The Strib can’t even hear the sound of a putatively conservative administration going out of its way to act like a DFL administration!

In this morning’s editorial, they arf and gargle about a federal education budget that differs from a liberal budget only in terms of the people on the “Sponsor” line:

To hear Bush administration officials tell it, their $56 billion proposed education budget for 2008 makes bold investments that “strategically” meet student needs.On what planet? Details of Bushs education package show that it takes baby steps forward while continuing a much larger slide in the other direction.

Where “forward” means “spending”, and where “slide” means…well, not exactly “not spending”, merely “not increasing the increase as fast as the other areas”.

Constructively, the president finally recognizes the need to increase funding for college Pell Grants, his signature No Child Left Behind NCLB and Title I programs for disadvantaged kids. But even those advances come at the cost of decreases in other areas.

Also, they are virtually worthless at the little business of educating children.

While Cherie Pierson Yecke was one of my favorite guests in the history of the NARN, and one of the sharpest people in the education bureaucracy, I’ll break with her and my fellow Republicans; No Child Left Behind is a joke, a farce, a disaster whose dimensions we can’t begin to imagine.

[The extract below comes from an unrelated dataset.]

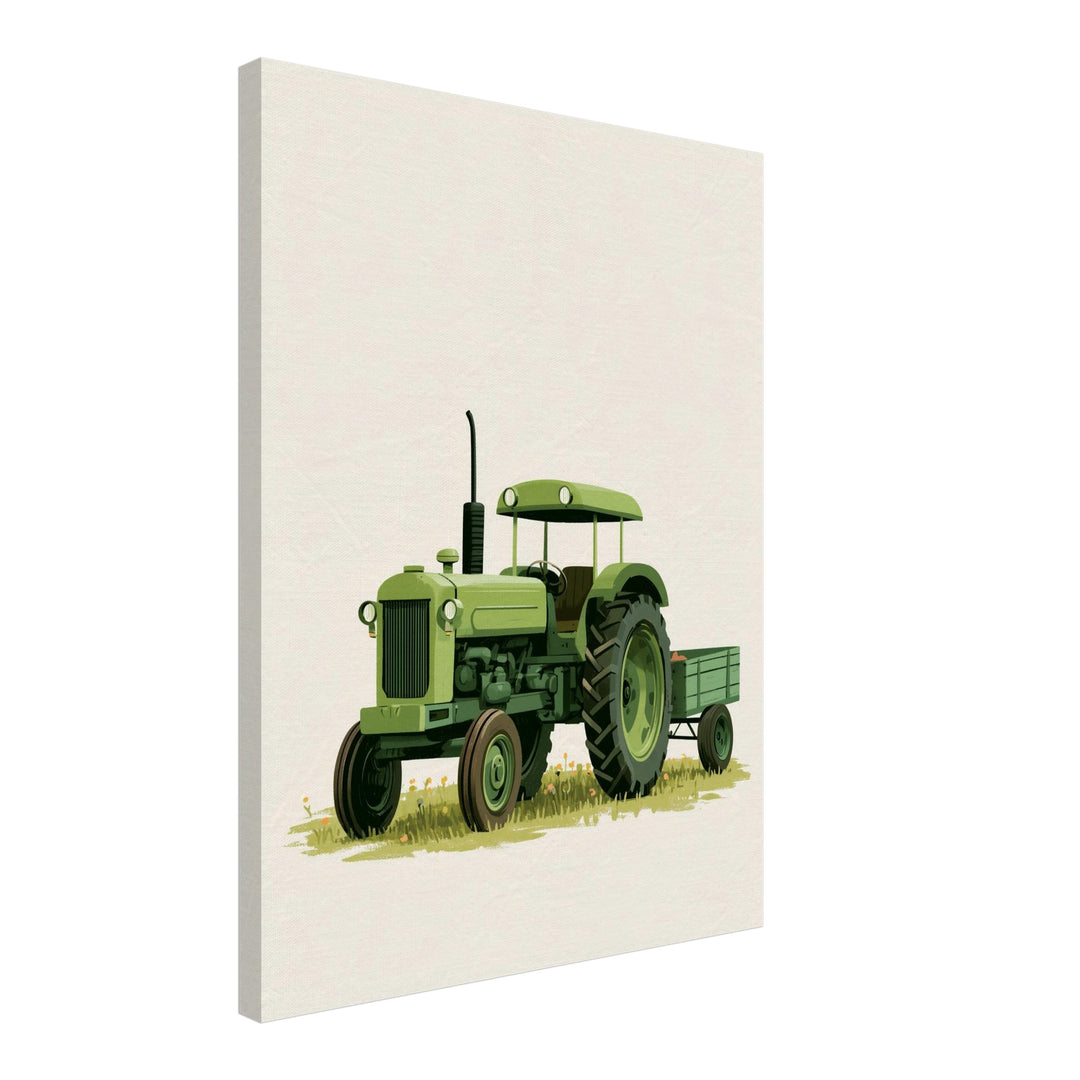 Grüner Traktor auf Wiese Leinwandbild – Schräge Ansicht – Produktfoto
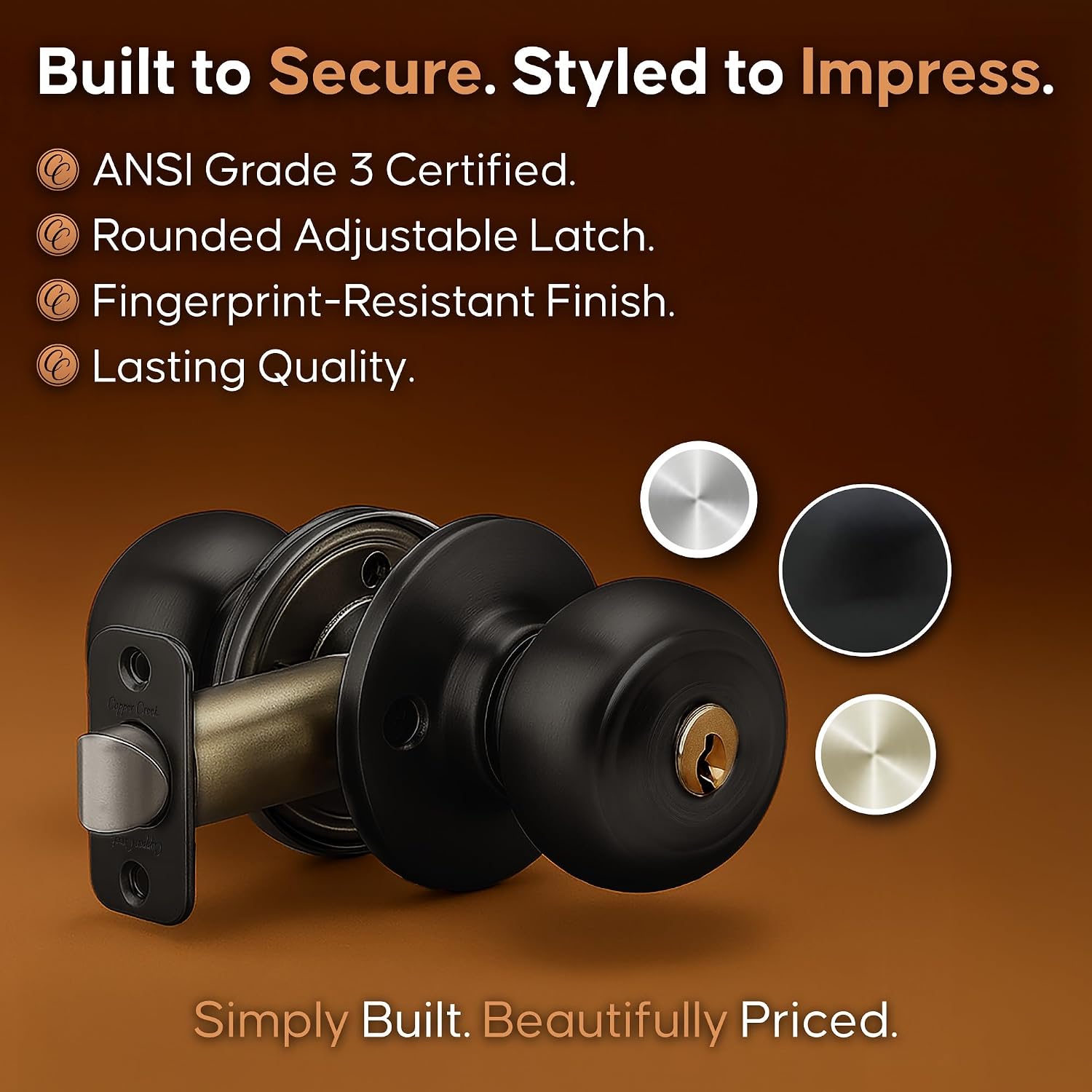 Copper Creek Colonial Privacy Interior Door Knob – ANSI Grade-3 Certified, Modern Heavy Duty Handle, Easy Install and Reversible for Bedroom, Bathroom and Closets – Satin Stainless (1 Pack)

Not that the intentions – making schools more “Accountable” for the money we spend on them – aren’t honorable. But the educational-industrial complex is not honorable, it’s an organism programmed to survive and thrive at all costs. So the “Accountability” imperative has mutated, within the organism, into a focus on “teaching the test” that is leaving our kids as one of two things; kids adept at taking and scoring well on tests, who are well-drilled on the subjects of the tests and not much more (sort of like a circus trick dog who knows nothing about fetching birds or leading a blind person around), or kids shunted into “special ed” programs where those who don’t test well aren’t counted as heavily.

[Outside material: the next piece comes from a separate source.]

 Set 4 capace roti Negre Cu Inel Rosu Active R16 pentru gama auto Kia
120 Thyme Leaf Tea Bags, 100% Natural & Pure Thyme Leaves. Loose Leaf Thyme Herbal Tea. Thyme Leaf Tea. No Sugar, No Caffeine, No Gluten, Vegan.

Pell Grants? Admirable in concept, dismal in execution. The presence of all that federal money has inflated the cost of a college education far out of reach (barring government aid, either in grants, loans or low-cost government institutions) of all but the wealthiest students. When my grandfather went to college in the thirties, a year at a four-year private school cost about a fifth of an average American’s annual income. When my father attended the same school twenty years later, it had inflated just a bit (as he related it to me, once upon a time), to about $500 a year, in an era when the average American made around $4-5000 a year. At the same college, 25 years later, I spent $4,000 a year (when the average income was in the low twenties). Today, when the average American earns in the low forties, a year at a public university is up around $10K, while most private schools are easily in the mid-teens.

This, as the value of that degree has plummeted.